PROBLEM – Return the listing below unchanged, but without pictures.

MATERIAL PROVIDED –
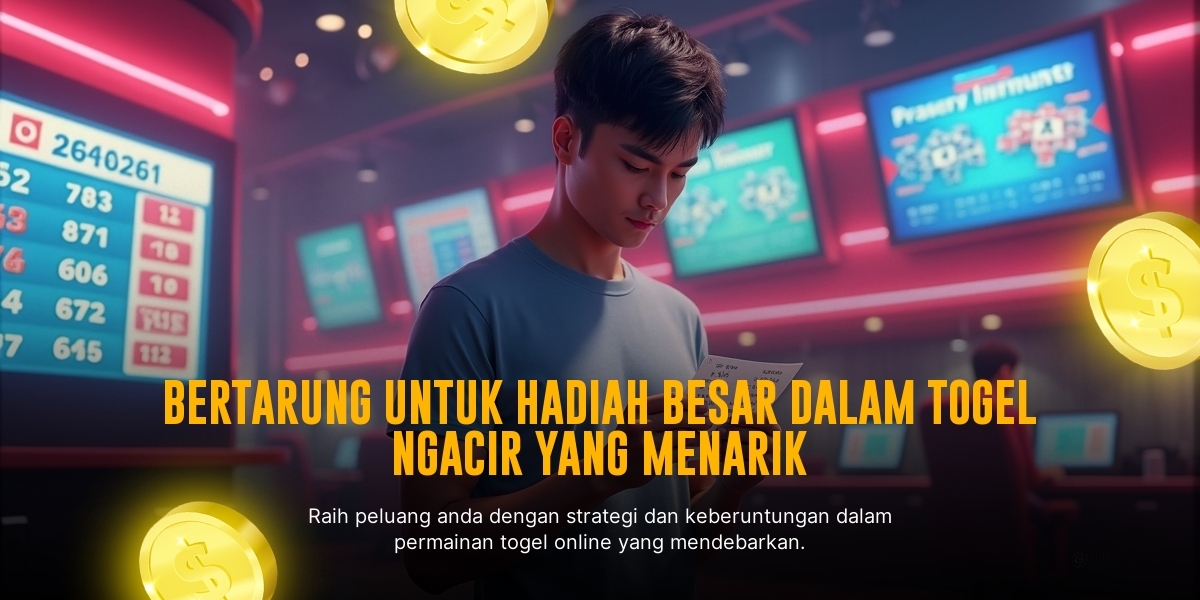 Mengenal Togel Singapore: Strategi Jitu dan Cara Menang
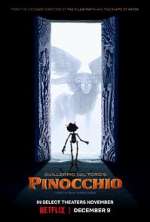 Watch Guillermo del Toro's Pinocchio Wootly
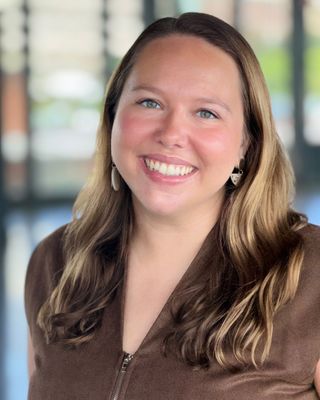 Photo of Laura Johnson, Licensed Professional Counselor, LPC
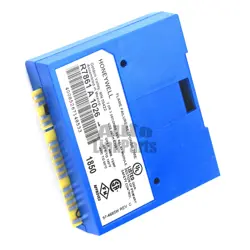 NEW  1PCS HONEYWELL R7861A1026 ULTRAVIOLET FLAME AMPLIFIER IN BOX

COMPLETED TASK –
 Mengenal Togel Singapore: Strategi Jitu dan Cara Menang
 Watch Guillermo del Toro's Pinocchio Wootly
 Photo of Laura Johnson, Licensed Professional Counselor, LPC
 NEW  1PCS HONEYWELL R7861A1026 ULTRAVIOLET FLAME AMPLIFIER IN BOX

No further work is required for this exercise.